-- Task to complete --
Beginning with the line that has "Christmas Fancy Dress Dog Socks - 4 Pack", write out each line down to the end of the records below exactly, and include no pictures.

-- Given records --
= = = = = = =
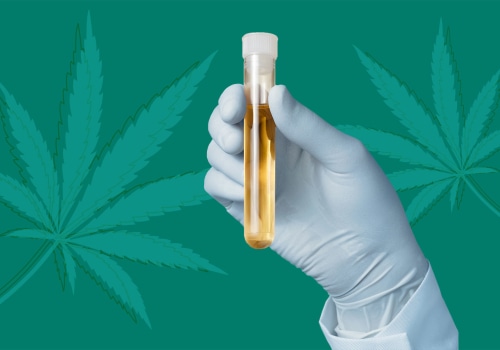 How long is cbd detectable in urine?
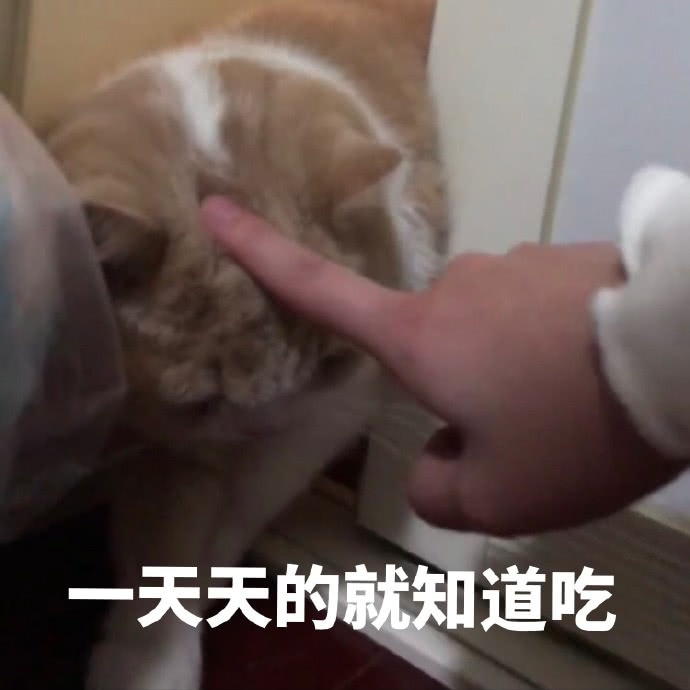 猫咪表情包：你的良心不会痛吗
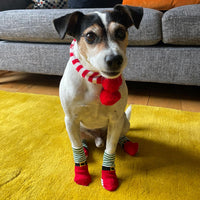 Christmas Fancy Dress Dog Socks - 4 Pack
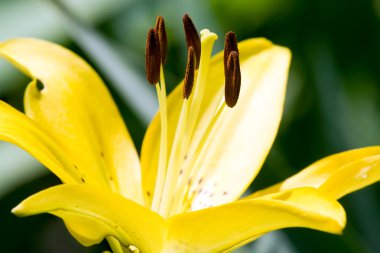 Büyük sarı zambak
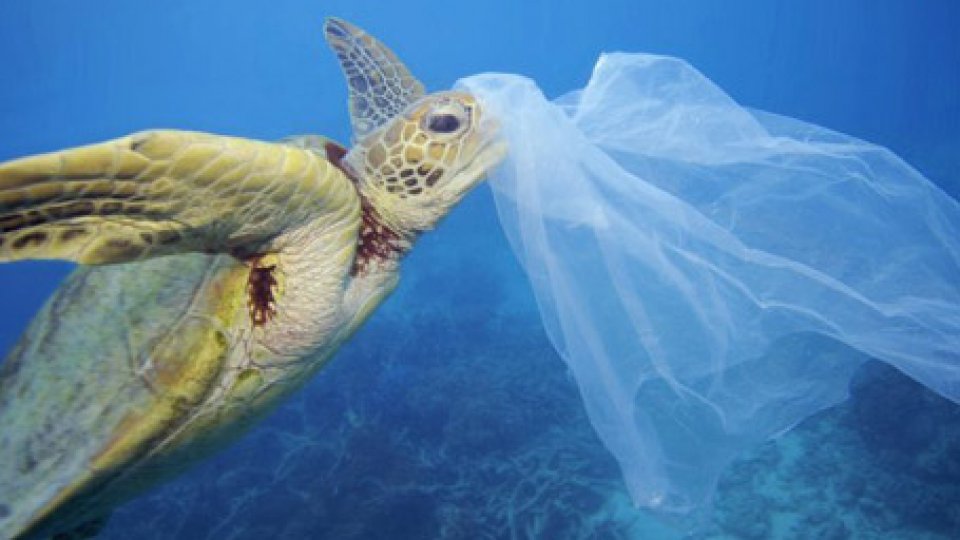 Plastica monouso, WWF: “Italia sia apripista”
= = = = = = =
-- Exercise result --
 Christmas Fancy Dress Dog Socks - 4 Pack
 Büyük sarı zambak
 Plastica monouso, WWF: “Italia sia apripista”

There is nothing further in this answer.